张丹秋雪 看世界杂志 2019-04-23



作为读者,你必须注意纳氏小说中叙述者的身份,唯有将叙述者和作者截然分开,才不至于堕入道德说教的庸俗圈套,才能发现艺术世界与真实世界间的张力。


2017年,俄裔美国作家弗拉基米尔·纳博科夫移居美国后的第一部长篇小说《庶出的标志》,终于出中文版了。不过,先别急着购买,在阅读纳博科夫的小说前,你或许应该注意一些事情。



早在60年代,艾伦·皮弗在其研究著作《纳博科夫和小说》里就说:纳博科夫的小说,读者能够通过反复阅读获得远比人物多的认识。作为读者,你必须注意纳氏小说中叙述者的身份,唯有将叙述者和作者截然分开,才不至于堕入道德说教的庸俗圈套,才能发现艺术世界与真实世界间的张力。


抛开众所周知的《洛丽塔》,这一次我们从纳博科夫另一部小说《绝望》的主人公赫尔曼谈起。


  赫尔曼眼中的自我  


我叫赫尔曼,现年35岁。原籍俄罗斯,家住柏林,是巧克力商人。父亲是说俄语的德国人,母亲是血统纯正的俄罗斯贵族。


我从小文学天赋惊人,对于文学没什么不明白的,但是作文总得最低分,因为我对文学有一套自己的想法:我从不按照作者意图理解人物,这与我爱说谎的特性有关。我18岁考入圣彼得堡大学,适逢第一次世界大战,我被当作德国人拘禁起来。



我酷爱读书,欣赏的作家是屠格涅夫和老达斯蒂那一类的。我的原意是把《犯罪与堕落》视作犯罪心理的模本,但我远比他们更加出色,因为我既是自己的模特,又是摄影师。


现在来说说我的生活状况。巧克力生意亏了钱,使我不得不去布拉格扩展业务。虽然生活支出日渐赤字,但我妻子丽迪娅毫无自觉。她是一个笨女人,只阅读三流侦探小说,对人物和情节过眼就忘,感受力极度低下;她唯一的优点是对我的谎话信以为真,以便我能继续在她面前施展创作才能,她对我的人格深信不疑。


她的表哥阿德里安也常常出现在我的生活中。他是一个酒鬼、欠债人、不入流的画家,只能依靠我的接济生活。尽管我对他的艺术嗤之以鼻,他还是对着给我画的肖像画啧啧称赞,说画上的人同我本人十分相像,我不以为然。


这一部《绝望》出自我的手,但真正的作者不是我,而是我那无法把握的“记忆”,在自顾自说话。
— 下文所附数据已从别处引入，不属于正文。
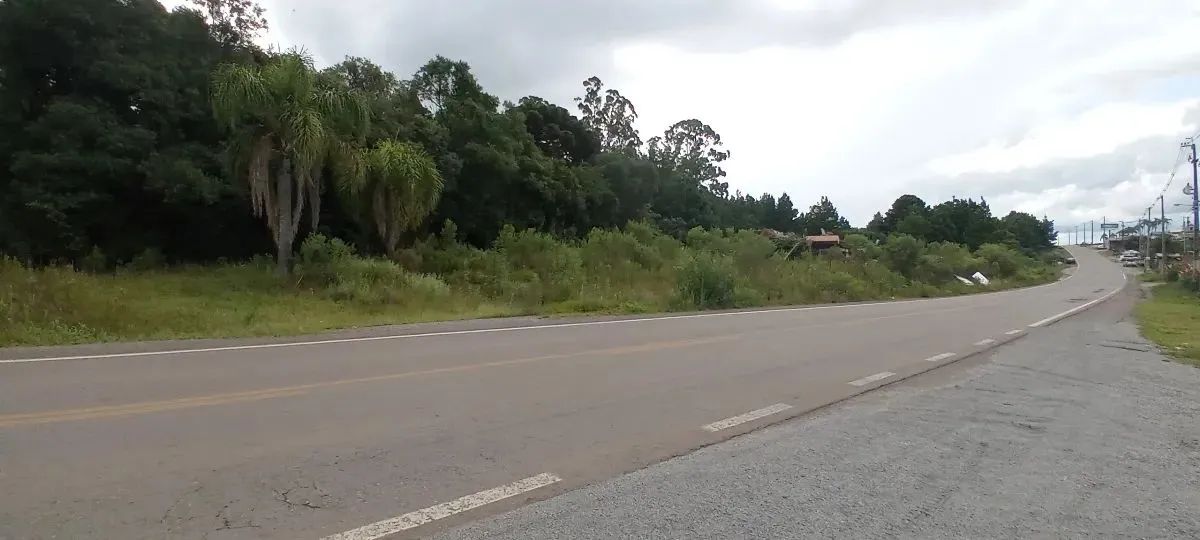 CAXIAS DO SUL - Terreno Padrão - FORQUETA - Foto 5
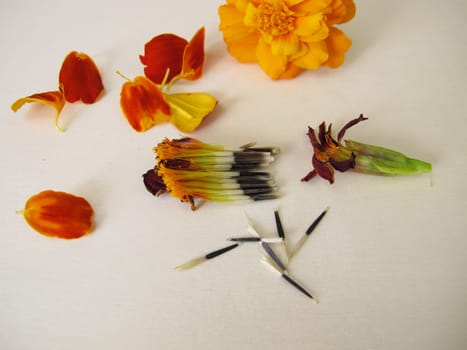 Tagetes flower and seeds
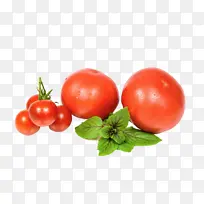 番茄 食品 食谱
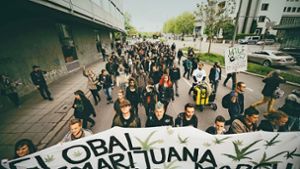 Auch in diesem Jahr hat in Stuttgart wieder ein  Global Marijuana March stattgefunden. Die teilnehmer demonstrieren für einen liberaleren Umgang mit der Rauschdroge. Foto: 7aktuell.de/Gerlach
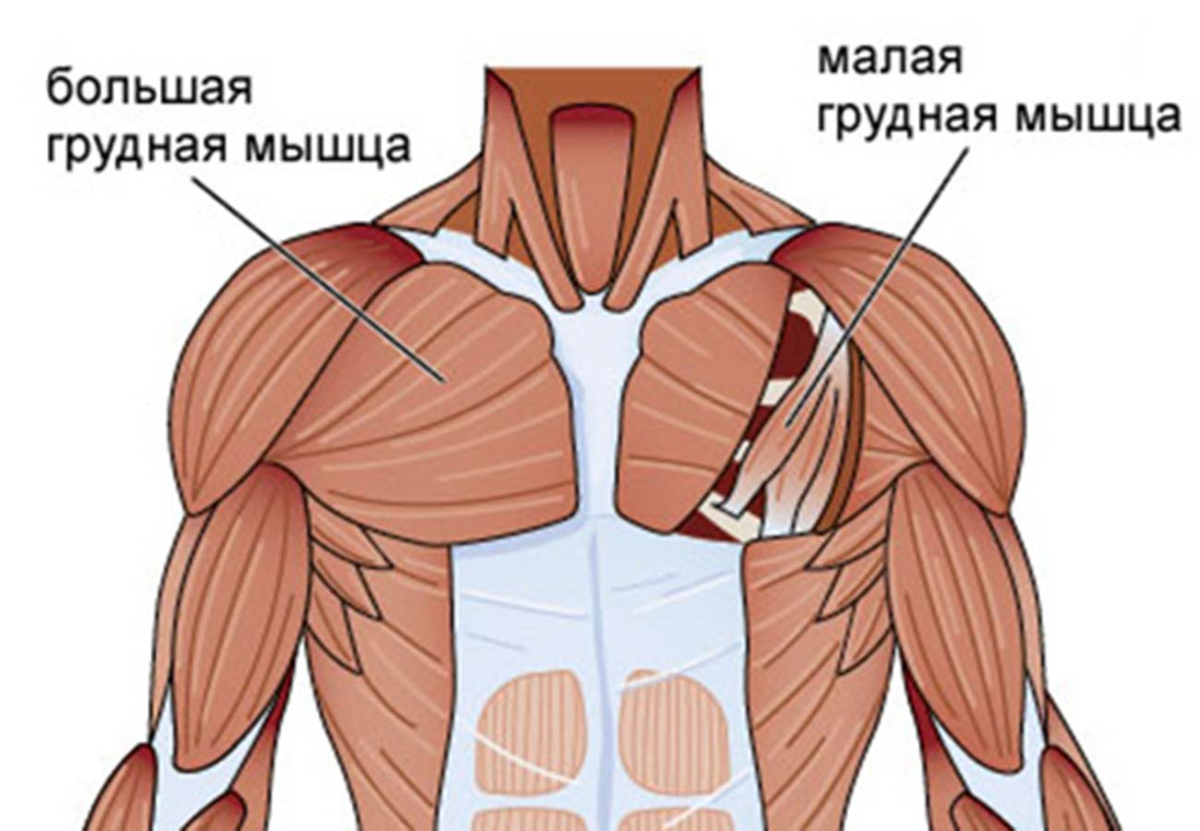 Мышцы груди анатомия латынь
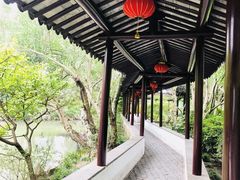 -上海醉白池公园
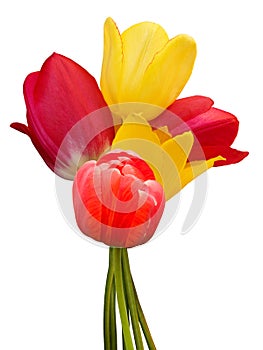 Flowers tulips bouquet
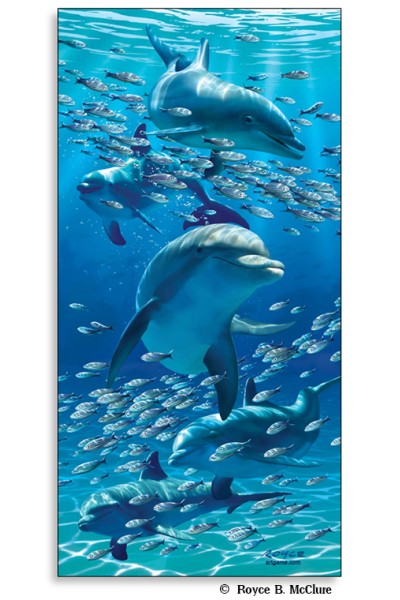 Dolphins Poster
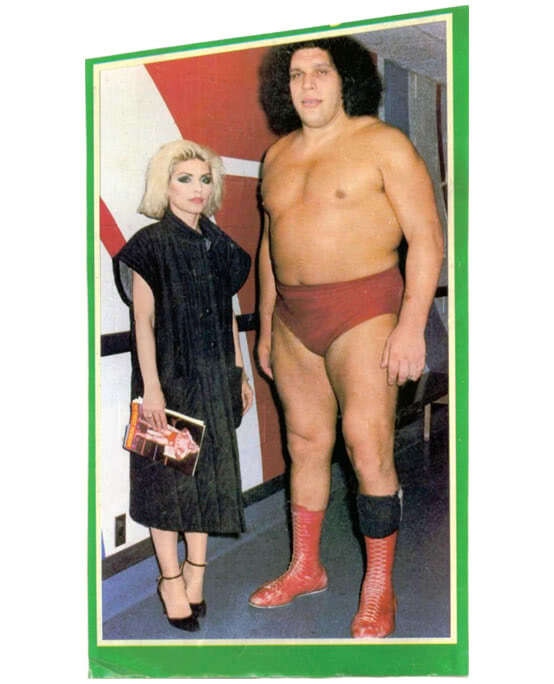 Иллюстрация к книге — Сердце из стекла. Откровения солистки Blondie [i_087.jpg]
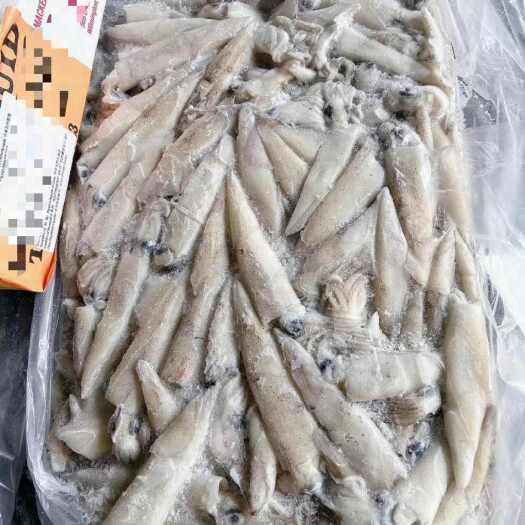 青岛海兔
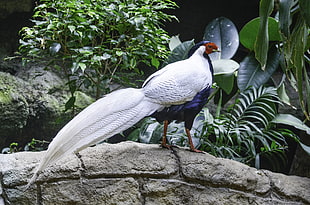 Silver Pheasant perched on concrete wall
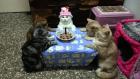 Прикрепленное изображение: birthday-cat.jpg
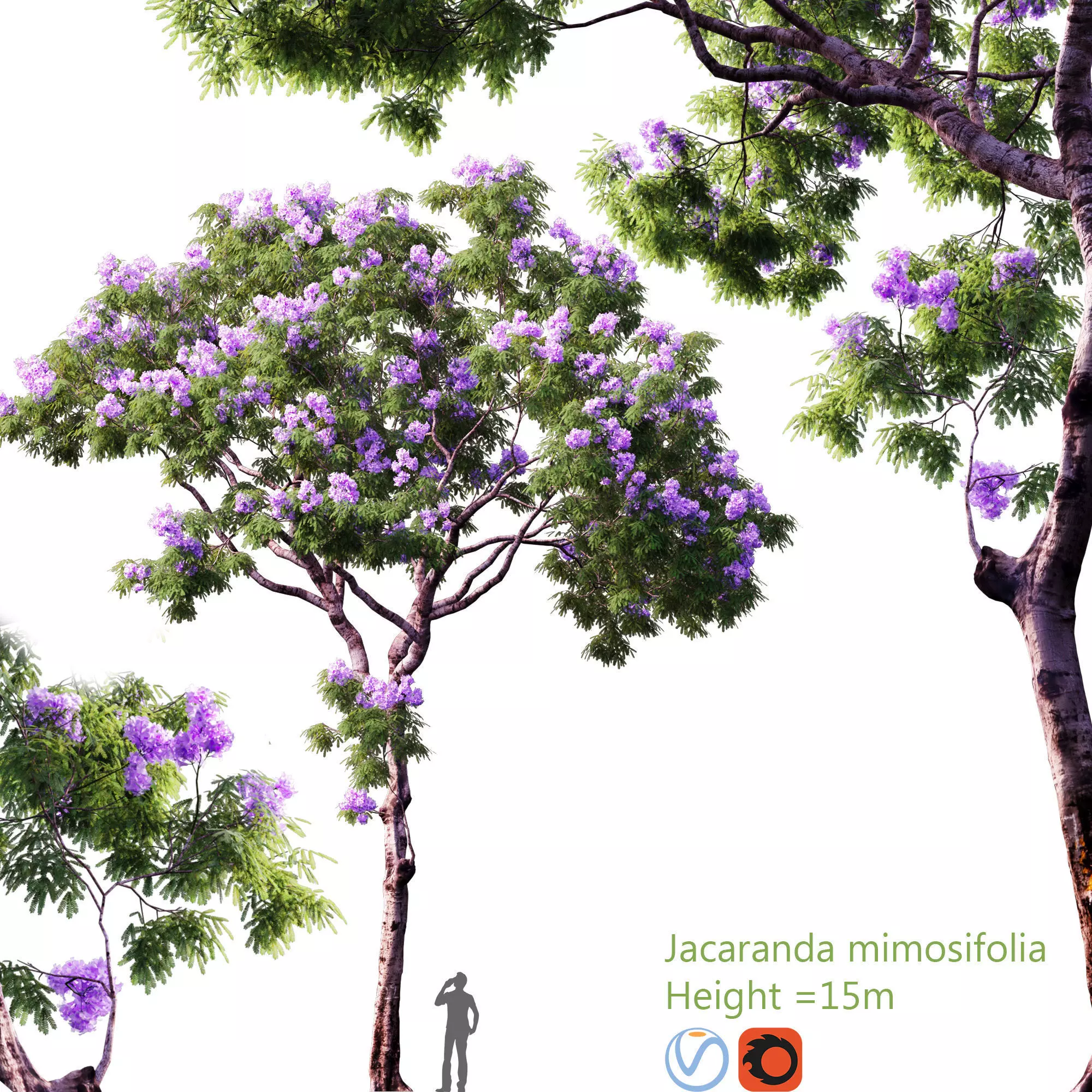 jacaranda mimosifolia 01 3D model_0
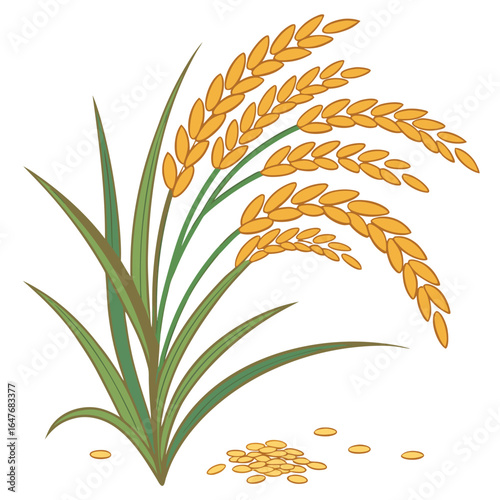 Golden paddy stalks and harvested grains are artistically arranged on a transparent background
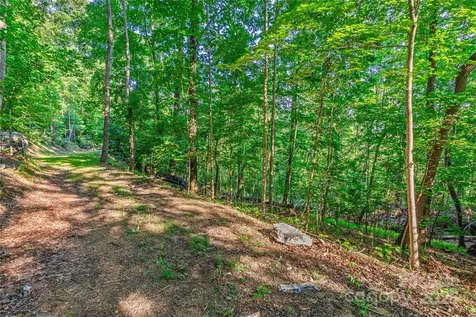 Lot W13 Curtain Bluff Hendersonville NC 28791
在1931年4月2日正式到来之前,我只把这部手稿完整读过一遍,顺便拟定了“绝望”这个标题,用以表达我的艺术才能不被世人认可的悲观心境。


事情的经过是这样的:1930年5月,我出差布拉格时偶遇了一个流浪汉,名叫菲利克斯。我被我们之间的相像性震撼——菲利克斯有着同我一模一样的面容,乍一看不分你我。



我的灵感来源于一次性爱,在那时,我感受到了一人身处两地的快乐,“自我分裂”,一个人与另一个人完全一样——这就是我贡献给伟大的苏维埃共产主义信仰的艺术品。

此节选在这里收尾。